▸ Task details
The task calls for the lines below from the line with "Muestra únicamente la masa tumoral." to the line with "After Braces Crowding", both ends included, copied exactly, without any pictures.

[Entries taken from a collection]

——————

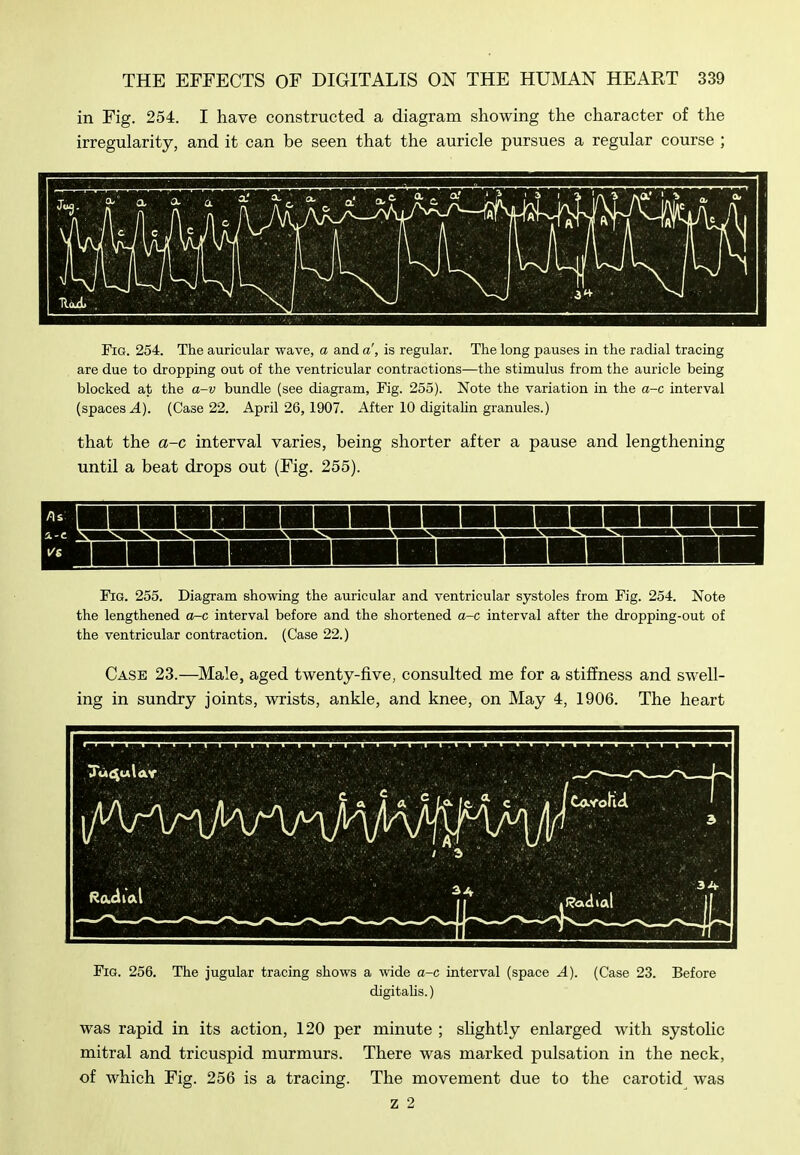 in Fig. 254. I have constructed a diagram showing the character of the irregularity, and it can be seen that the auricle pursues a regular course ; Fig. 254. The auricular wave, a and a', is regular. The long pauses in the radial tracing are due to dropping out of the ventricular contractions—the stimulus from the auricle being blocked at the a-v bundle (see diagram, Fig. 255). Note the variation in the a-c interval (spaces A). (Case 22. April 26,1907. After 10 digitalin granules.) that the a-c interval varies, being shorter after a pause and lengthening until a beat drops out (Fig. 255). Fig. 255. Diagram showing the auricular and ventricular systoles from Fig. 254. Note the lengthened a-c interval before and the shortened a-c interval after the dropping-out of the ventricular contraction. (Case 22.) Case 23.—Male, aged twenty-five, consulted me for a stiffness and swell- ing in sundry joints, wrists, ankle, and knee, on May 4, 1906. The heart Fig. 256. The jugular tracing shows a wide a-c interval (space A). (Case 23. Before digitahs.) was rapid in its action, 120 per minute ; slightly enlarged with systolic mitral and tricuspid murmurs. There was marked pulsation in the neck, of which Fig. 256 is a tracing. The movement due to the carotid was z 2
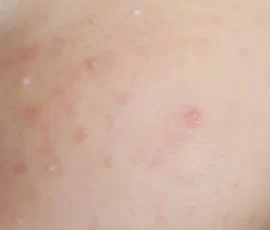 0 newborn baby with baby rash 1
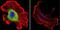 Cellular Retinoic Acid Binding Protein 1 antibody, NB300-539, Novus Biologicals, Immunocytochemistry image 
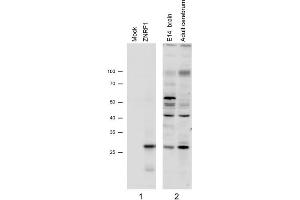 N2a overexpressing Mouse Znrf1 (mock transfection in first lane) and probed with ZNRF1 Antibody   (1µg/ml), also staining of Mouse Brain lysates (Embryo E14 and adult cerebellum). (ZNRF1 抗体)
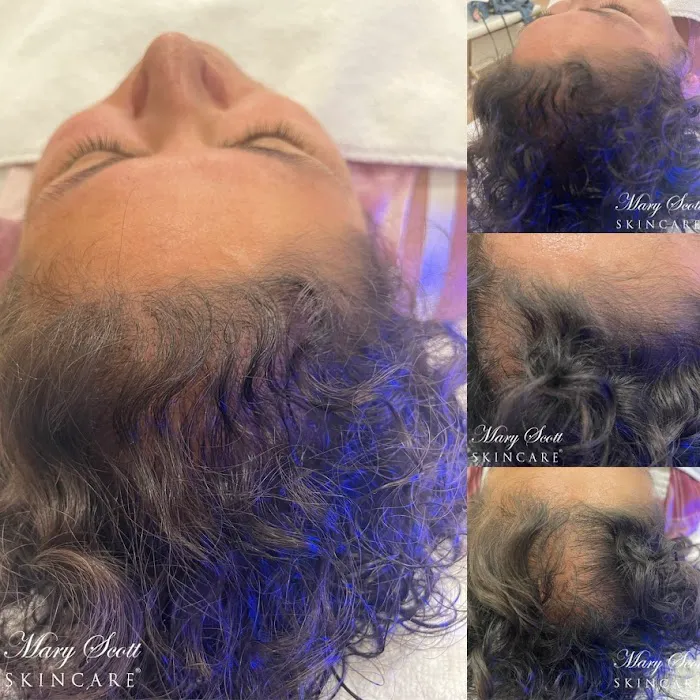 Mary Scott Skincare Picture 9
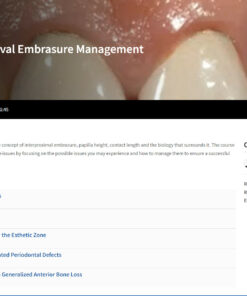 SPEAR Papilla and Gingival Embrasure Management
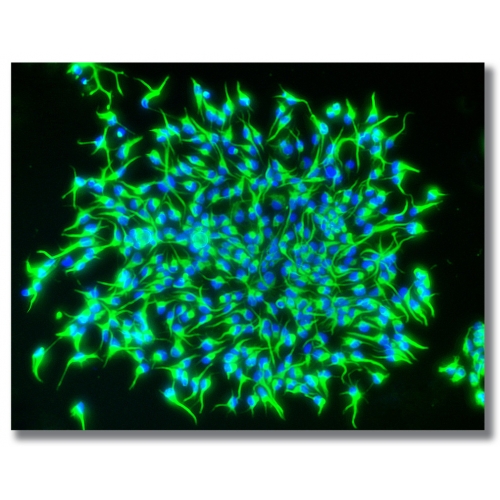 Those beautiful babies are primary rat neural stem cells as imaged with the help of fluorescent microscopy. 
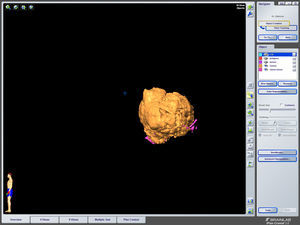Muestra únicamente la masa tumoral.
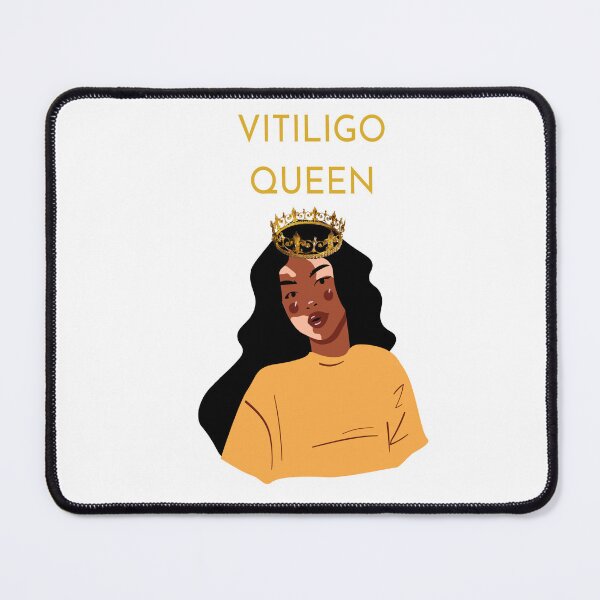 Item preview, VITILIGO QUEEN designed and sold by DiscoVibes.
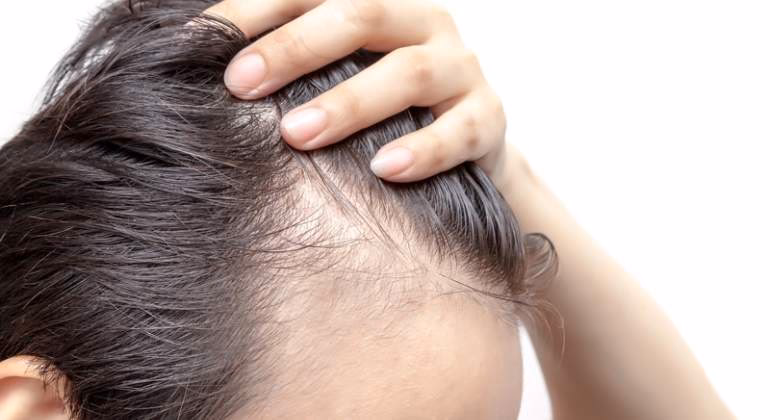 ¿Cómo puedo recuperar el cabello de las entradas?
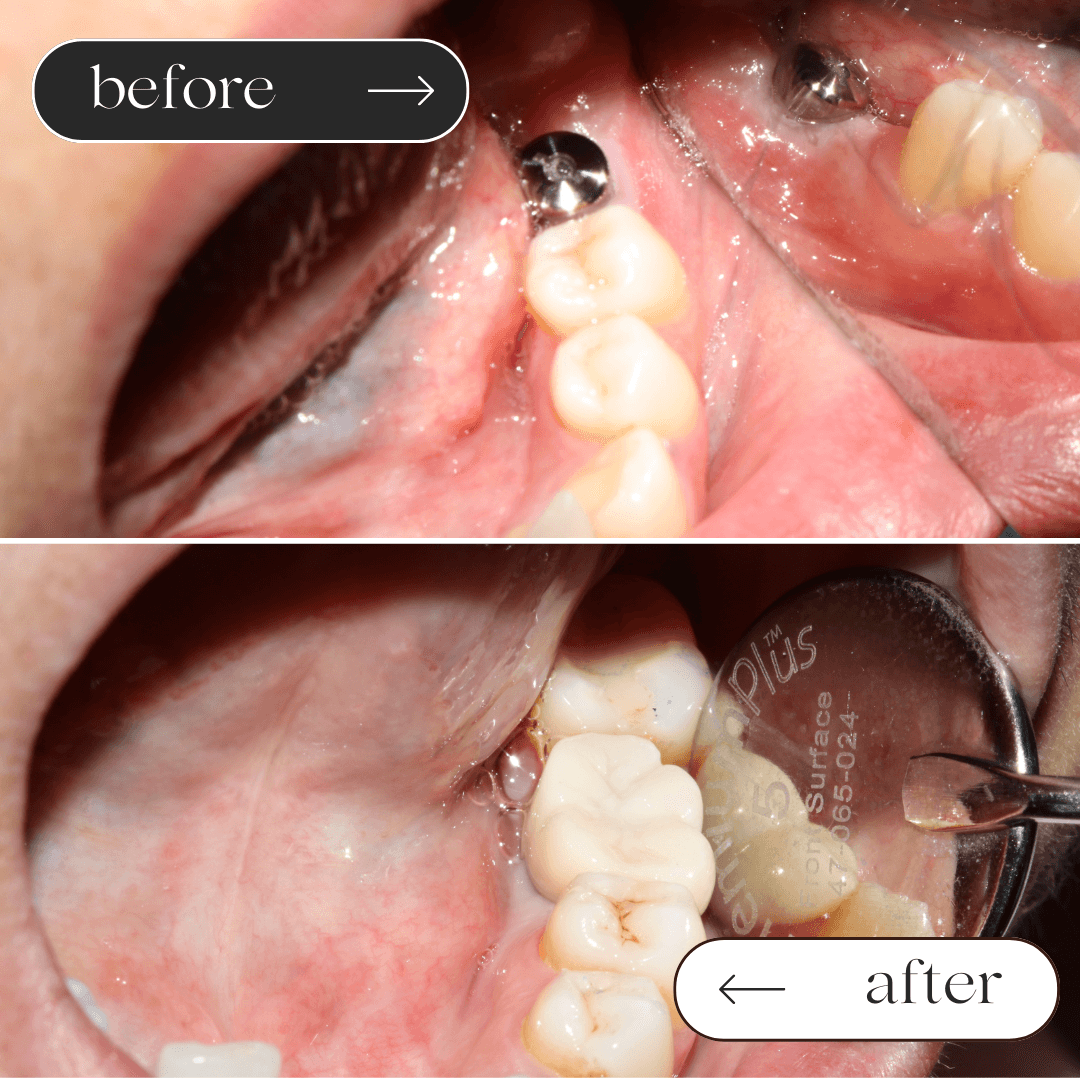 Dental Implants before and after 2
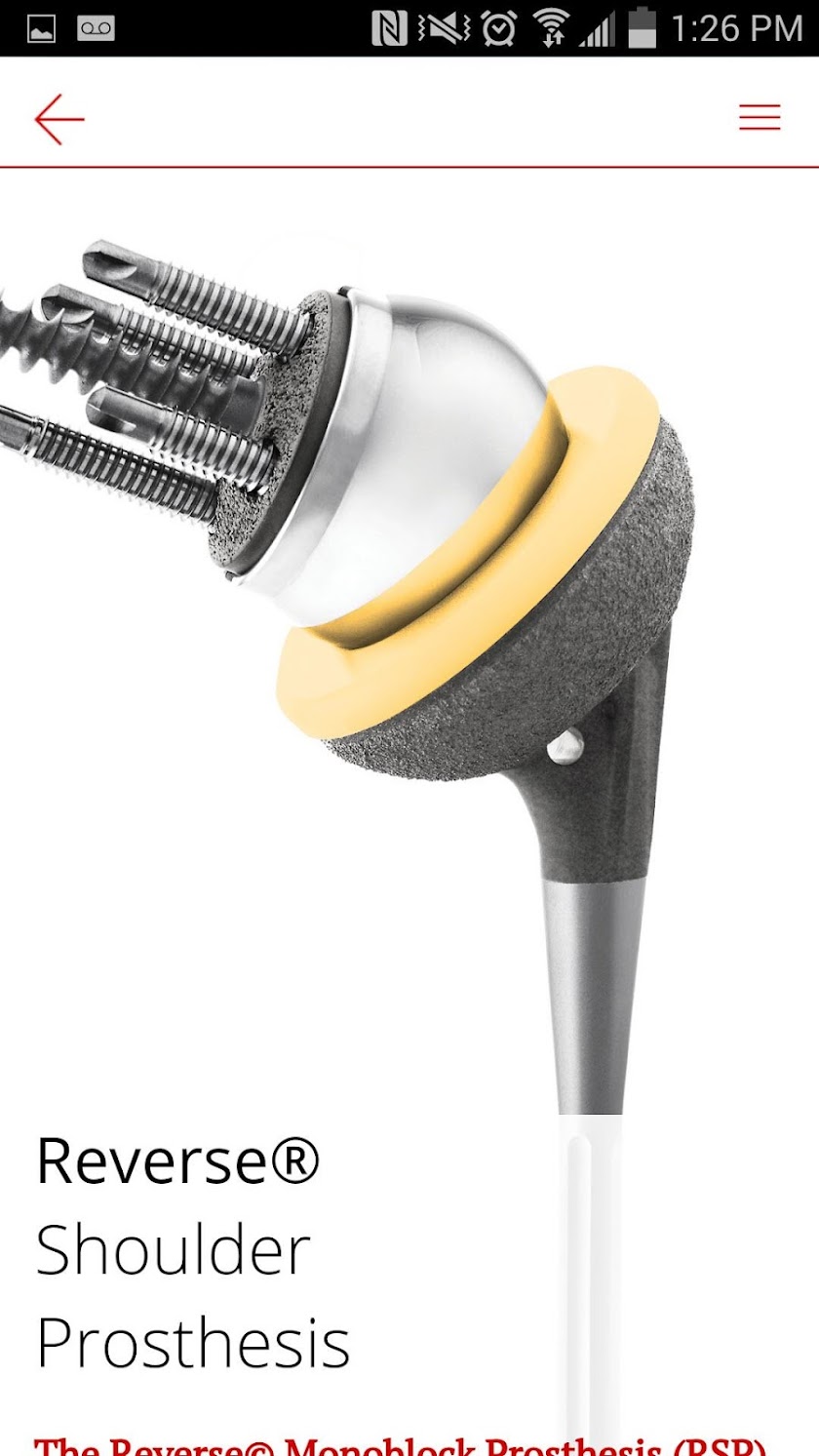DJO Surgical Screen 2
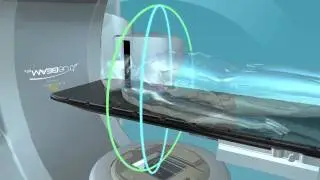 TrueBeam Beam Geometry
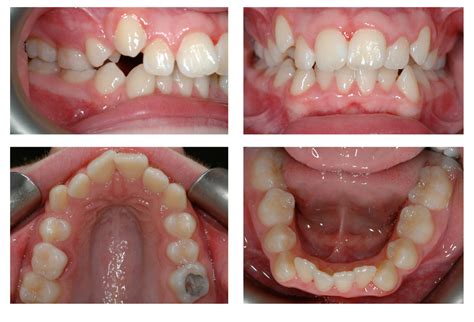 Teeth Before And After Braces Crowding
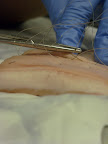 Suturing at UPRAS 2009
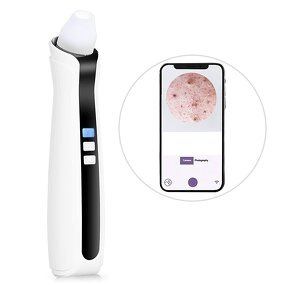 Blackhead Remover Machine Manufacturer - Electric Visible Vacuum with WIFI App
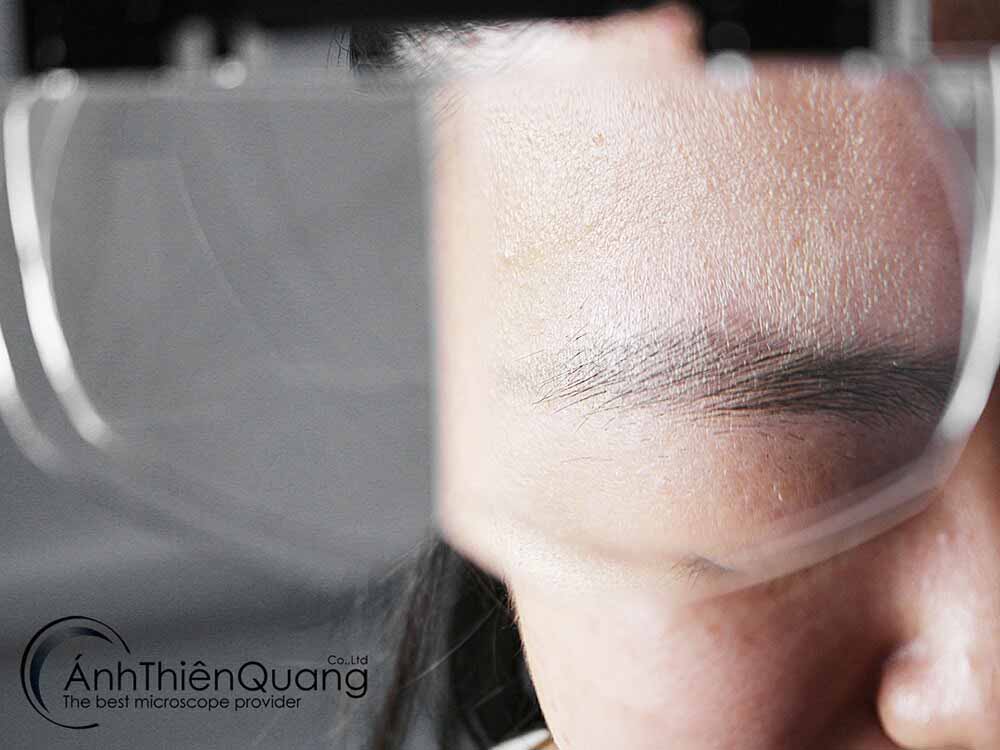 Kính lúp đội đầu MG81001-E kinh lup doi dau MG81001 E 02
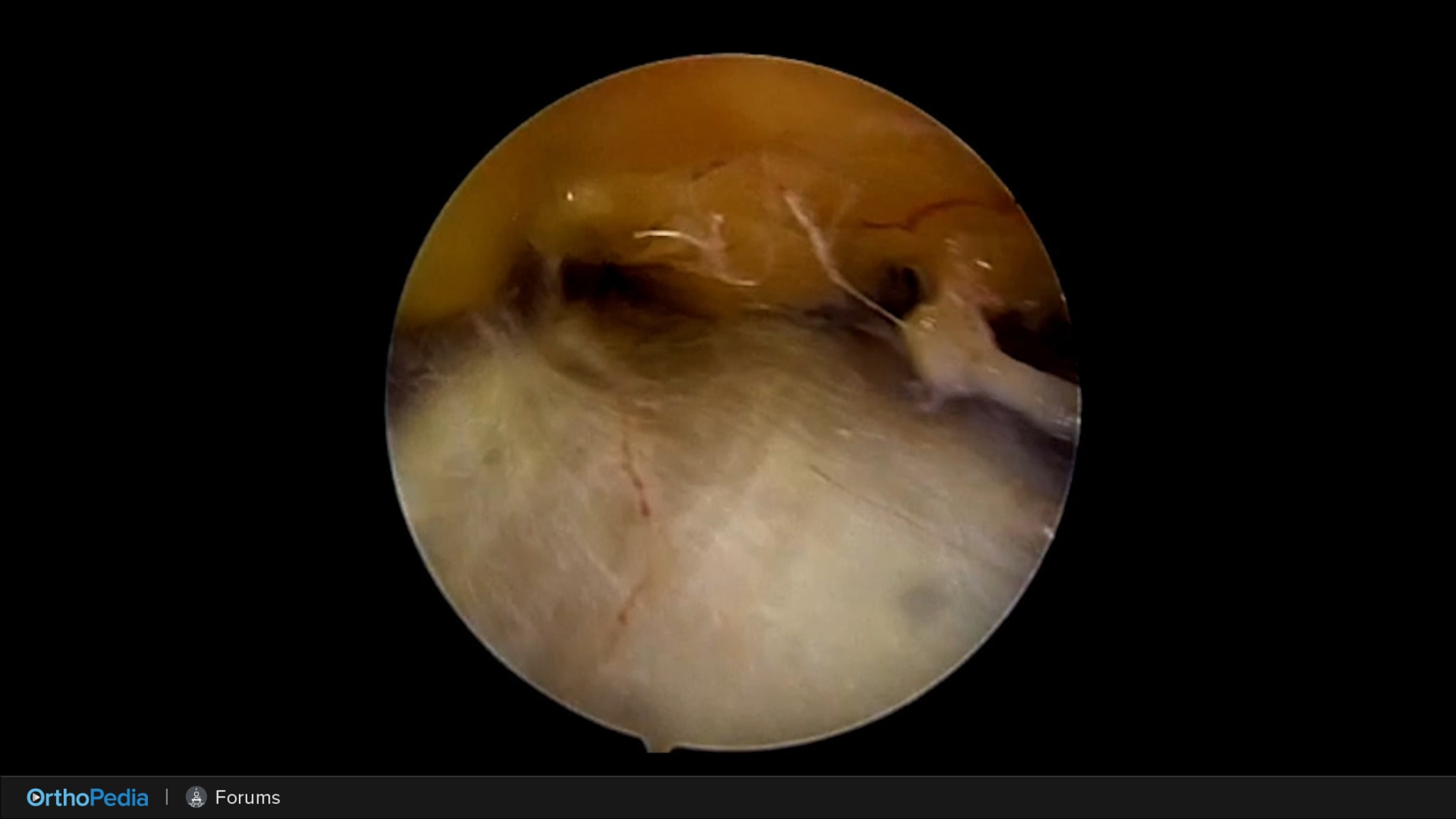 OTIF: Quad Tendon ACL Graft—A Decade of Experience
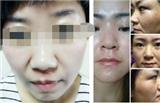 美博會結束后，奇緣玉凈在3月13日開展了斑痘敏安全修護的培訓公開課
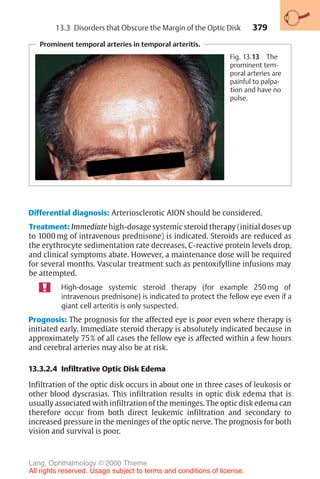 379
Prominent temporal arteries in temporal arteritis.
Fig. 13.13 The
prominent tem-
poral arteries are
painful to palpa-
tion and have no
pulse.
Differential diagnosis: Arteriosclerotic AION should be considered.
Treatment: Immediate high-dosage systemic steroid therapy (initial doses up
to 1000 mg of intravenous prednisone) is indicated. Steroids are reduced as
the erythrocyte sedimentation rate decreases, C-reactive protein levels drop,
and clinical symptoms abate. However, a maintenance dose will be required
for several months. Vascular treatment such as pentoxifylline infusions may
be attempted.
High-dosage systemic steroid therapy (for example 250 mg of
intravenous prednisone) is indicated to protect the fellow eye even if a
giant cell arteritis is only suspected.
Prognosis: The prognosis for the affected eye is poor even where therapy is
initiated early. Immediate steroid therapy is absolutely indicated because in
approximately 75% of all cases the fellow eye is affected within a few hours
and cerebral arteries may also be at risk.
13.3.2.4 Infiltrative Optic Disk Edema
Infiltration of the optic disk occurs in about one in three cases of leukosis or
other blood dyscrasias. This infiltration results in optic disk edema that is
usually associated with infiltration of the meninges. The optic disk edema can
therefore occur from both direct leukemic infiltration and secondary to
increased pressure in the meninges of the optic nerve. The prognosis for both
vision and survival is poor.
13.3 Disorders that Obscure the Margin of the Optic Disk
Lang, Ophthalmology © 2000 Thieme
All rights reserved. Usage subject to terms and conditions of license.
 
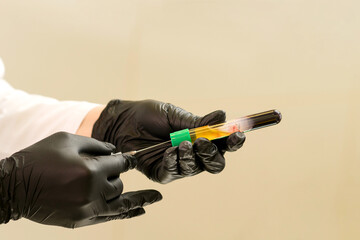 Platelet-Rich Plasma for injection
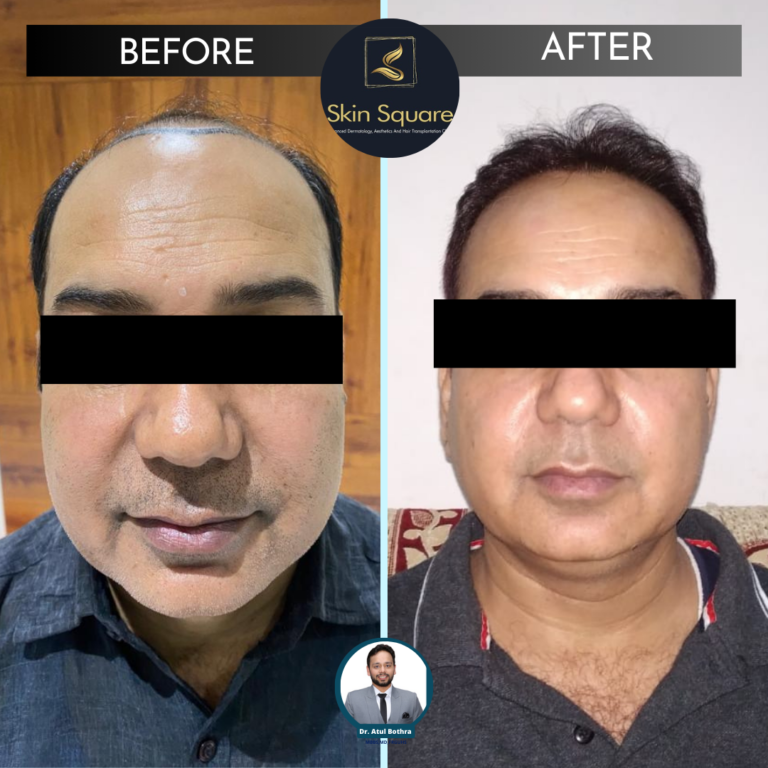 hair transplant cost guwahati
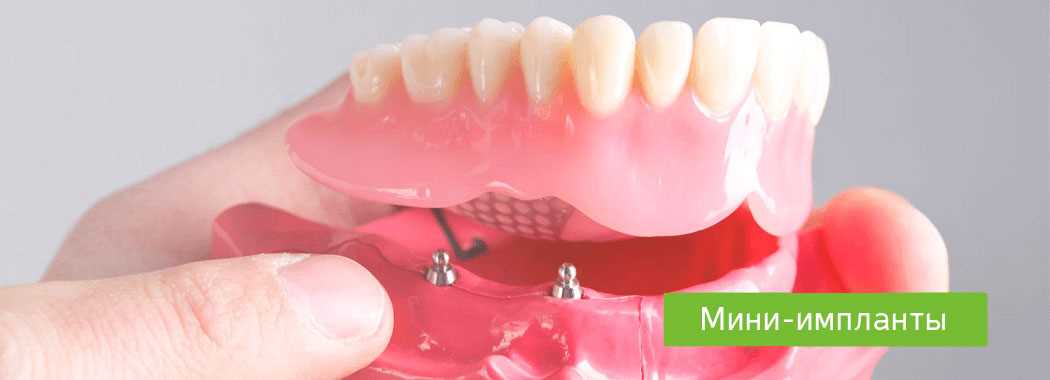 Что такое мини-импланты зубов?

——————

▸ Response to the exercise
Muestra únicamente la masa tumoral.
 Item preview, VITILIGO QUEEN designed and sold by DiscoVibes.
 ¿Cómo puedo recuperar el cabello de las entradas?
 Dental Implants before and after 2
DJO Surgical Screen 2
 TrueBeam Beam Geometry
 Teeth Before And After Braces Crowding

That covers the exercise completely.